Asked whether he’s willing to sign off on the borrowing, Waguespack said, “Not yet. I don’t think we have the full picture of what they’re really doing. It seems to me to be passing the buck to future taxpayers, making payments higher and the ultimate solution worse.”
Other aldermen were more willing to go along.
“We slowly need to get out of the mess we’re in, and this is a good tool to do that,” said Ald. Deb Mell (33rd), an Emanuel ally.
Ald. James Cappleman (46th) said he doesn’t think the City Council has much choice but to sign onto the new round of borrowing.
“I’m worried about having any collection on our current debt right now. We can’t do it. We have to get a fixed rate. Otherwise, they can collect on our debt right away. And we can’t do that. So, it’s picking the best of the worst choices available,” Cappleman said.
A statement from the Emanuel administration on Thursday noted: “The city’s difficulties can’t be reversed overnight. It took decades to build the mountain of debt and substantial structural budget deficit that Mayor Emanuel inherited. The upcoming issuance – which converts bad deals from the past from short-term debt into more stable, long-term debt – is one more step toward getting the city’s fiscal house back in order.”
A top mayoral aide, who asked to remain anonymous, portrayed the refinancing as the “next step” in the plan Emanuel unveiled in late April to end or move away from four risky financial practices that his predecessor and political mentor, former Mayor Richard M. Daley, used to “mask” the true cost of city government.
That plan called for:
- Terminating a combined, $915 million in so-called “swaps” in the city’s portfolio of general obligation and sales tax debt and converting all general obligation debt from variable- to fixed-interest rates. The $230 million penalty will be folded into the refinancing to avoid putting added pressure on the city budget.
- Implementing a four-year phase-out of “scoop-and-toss,” the practice of paying short-term obligations by saddling Chicago taxpayers with long-term debt. That will add $75 million to an operating shortfall in the city’s 2016 budget that’s already pegged at $300 million.
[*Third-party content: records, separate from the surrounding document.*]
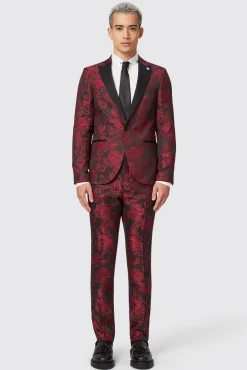 Style·Floral Suits|Style·2 Piece Suits|Twisted Tailor Ersat Skinny Fit Red Floral Jacquard Tuxedo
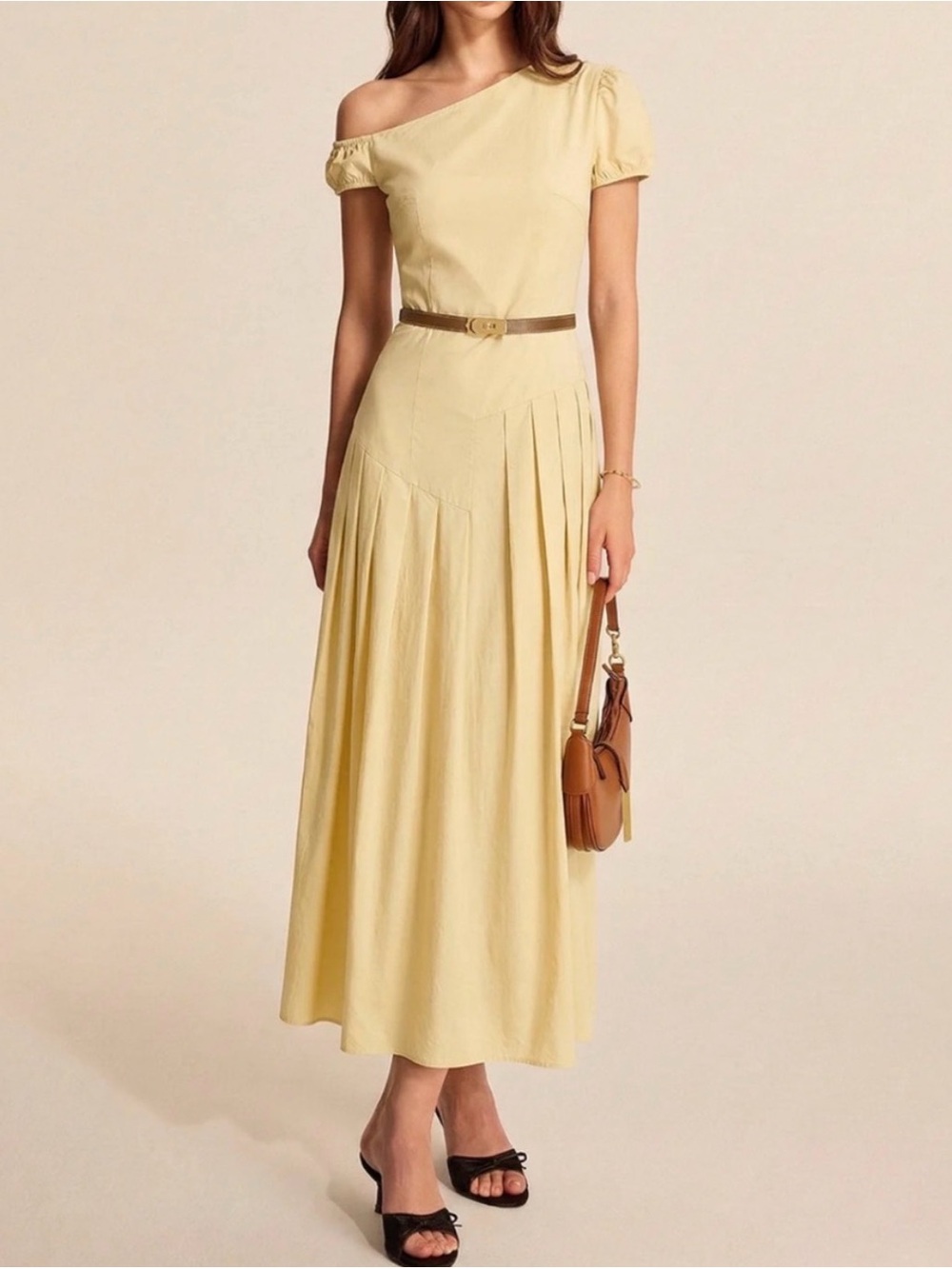 Commense One-Shoulder Pale Yellow Maxi Dress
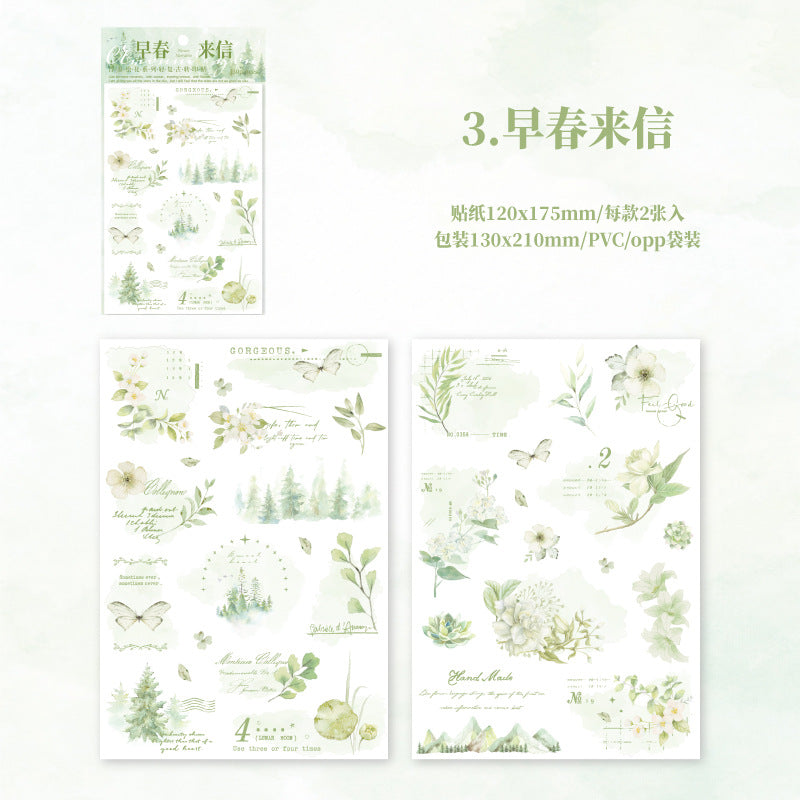 2 Pcs Flowers Transfer Stickers FCHH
- Gradually ending the practice of using borrowing to bankroll costly legal settlements and judgments against the city by covering those settlements in the city’s operating budget.
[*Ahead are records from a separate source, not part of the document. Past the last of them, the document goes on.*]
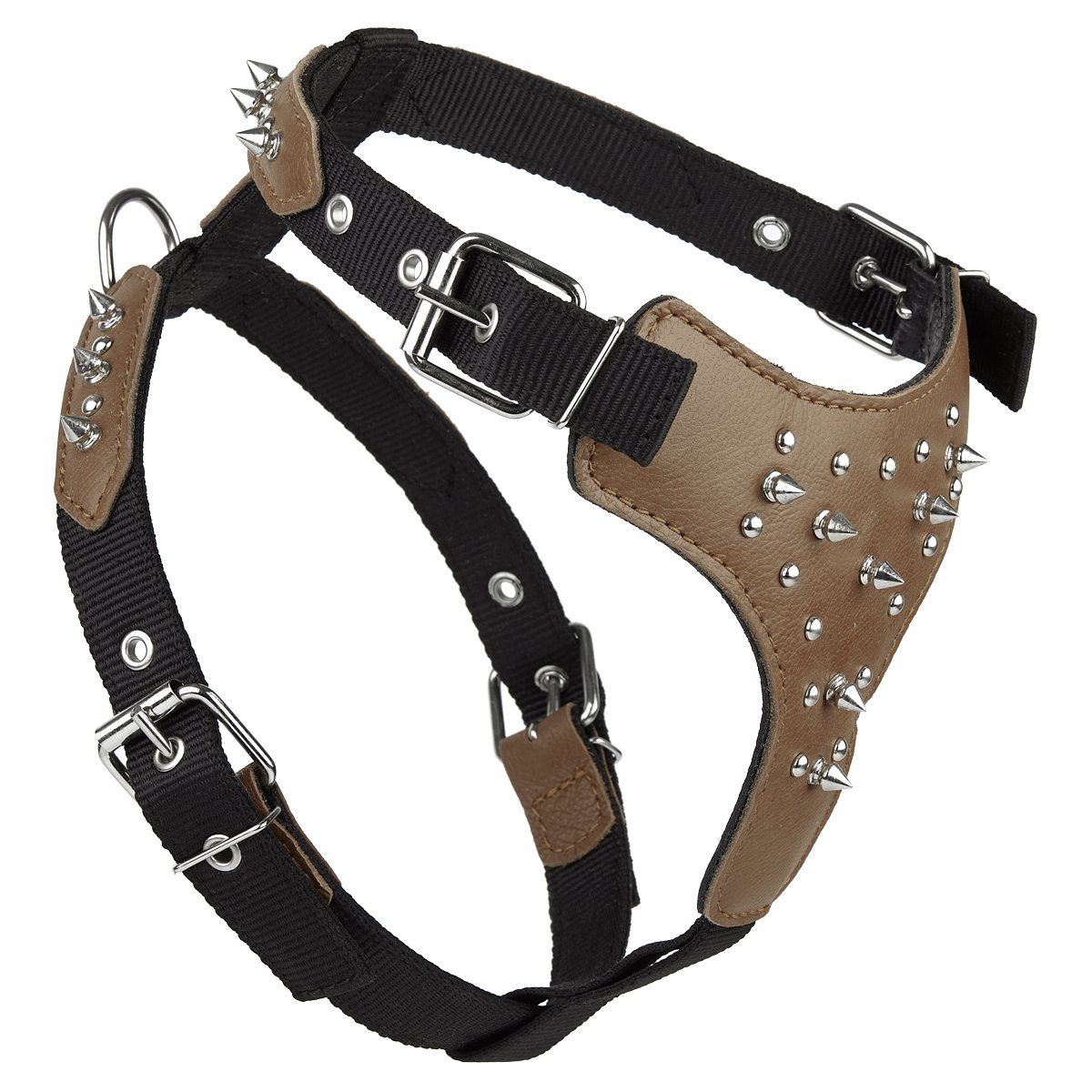 Leather + Nylon Spiked Dog Harness Brown Dog Harnesses Dogline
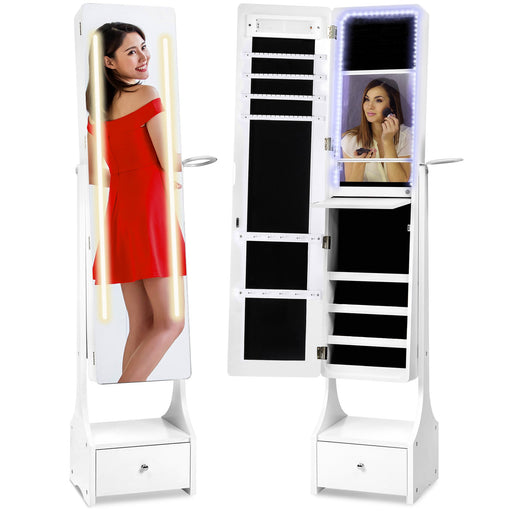 Standing Full Length LED Mirror Jewelry Armoire w/Interior & Exterior Lights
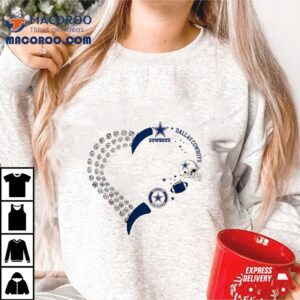 Dallas Cowboys Football Heart Helmet Logo Gif Tshirt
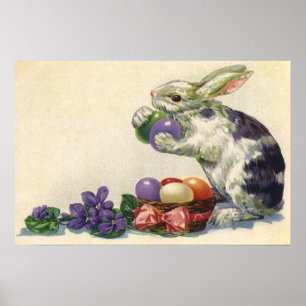 Antiker viktorianischer Osterhase, Eier und Blumen Poster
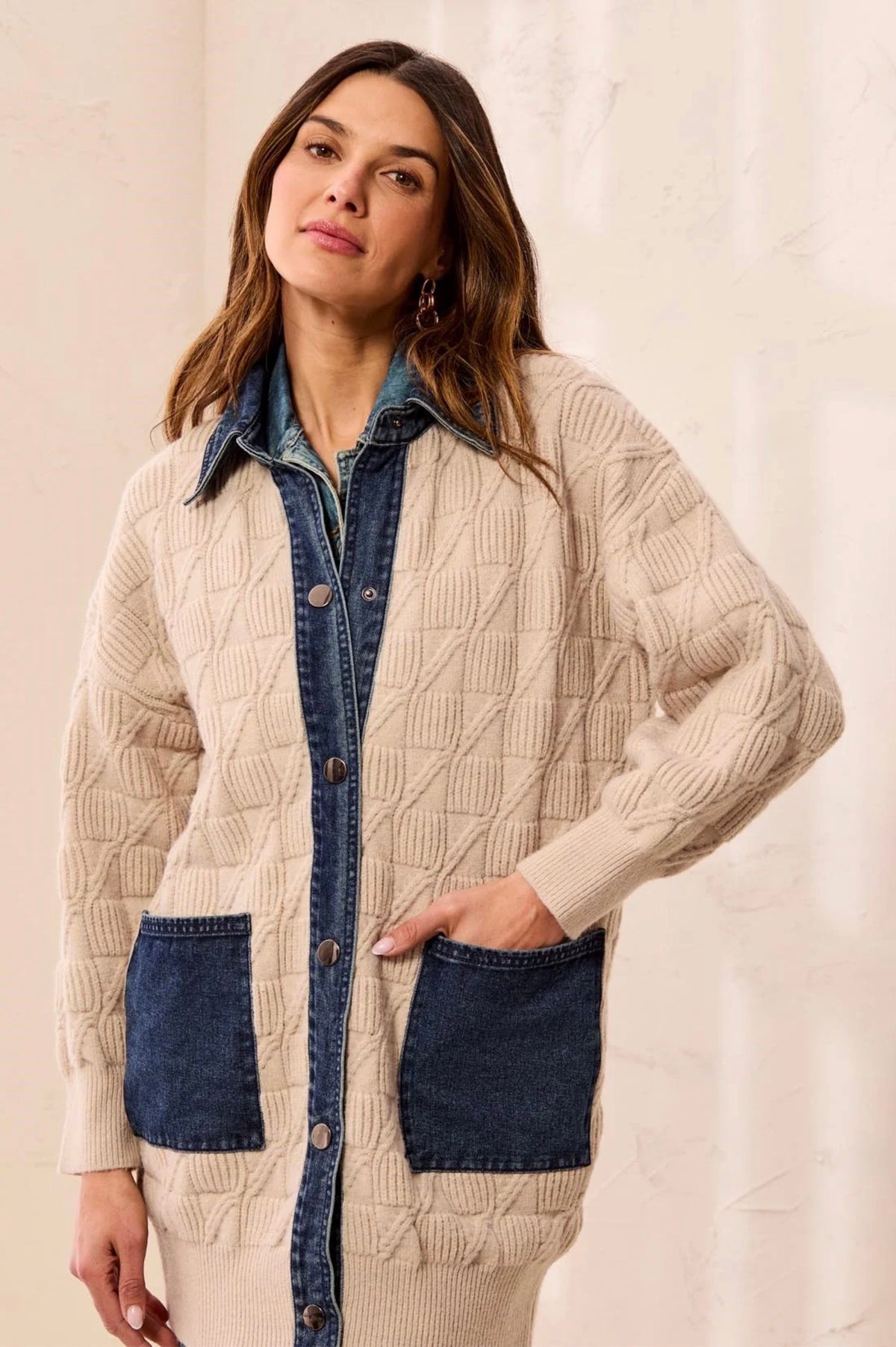 Tribal Cable Knit Denim Collar Coatigan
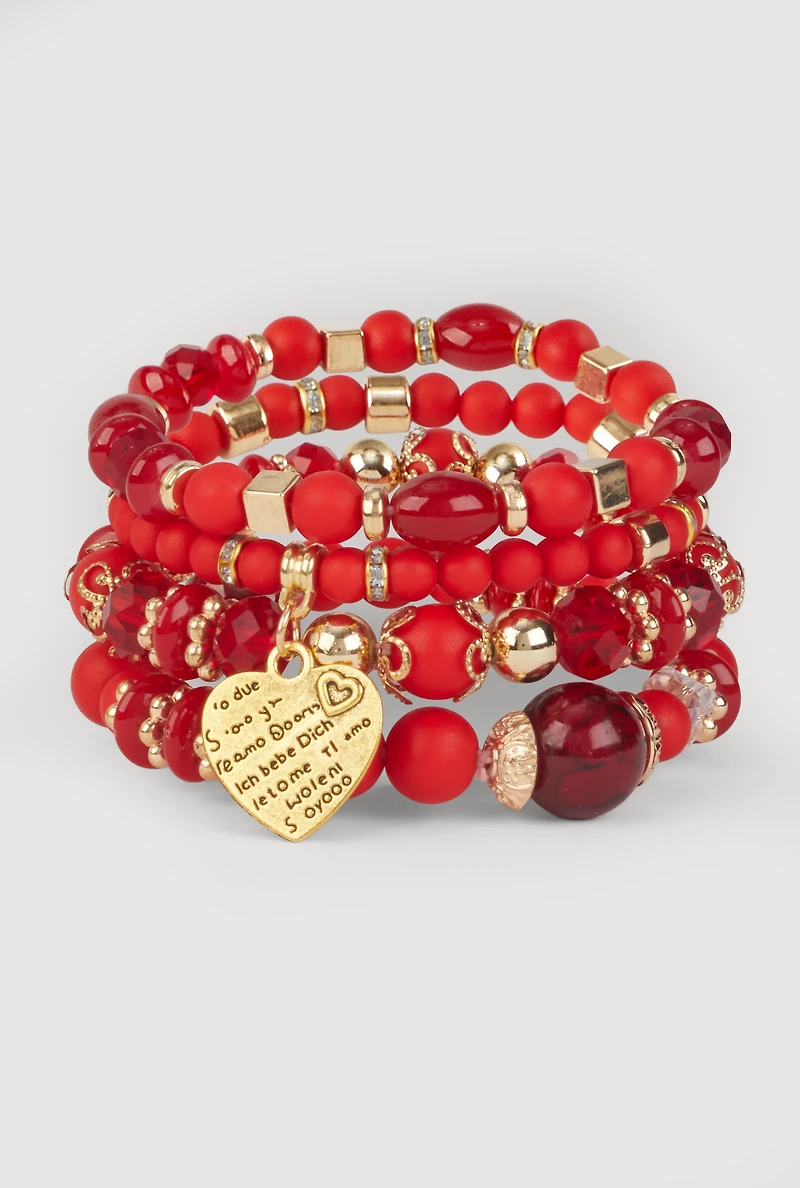 Heart Charm Beaded Stretch Bracelets Set of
- Continuing to build back a rainy day fund that Daley raided to the tune of $1.2 billion to balance his last four budgets after selling off valuable city assets, including the Chicago Skyway, city parking meters and downtown parking garages.
Municipal finance expert Matt Fabian said the $1.1 billion refinancing is “not the optimal policy choice.” But it’s understandable.
“The city has its political constraints on raising revenue and cutting spending. From a Wall Street perspective, we’ll take what we can get. We want the city to transition to a balanced budget. But doing it all in one year may create too much political upset,” he said.
“Chicago has a long legacy of borrowing. That legacy can’t go away overnight. It may be better for the city to continue to use gimmicks for the next few years, assuming it is transitioning to a fully balanced budget.”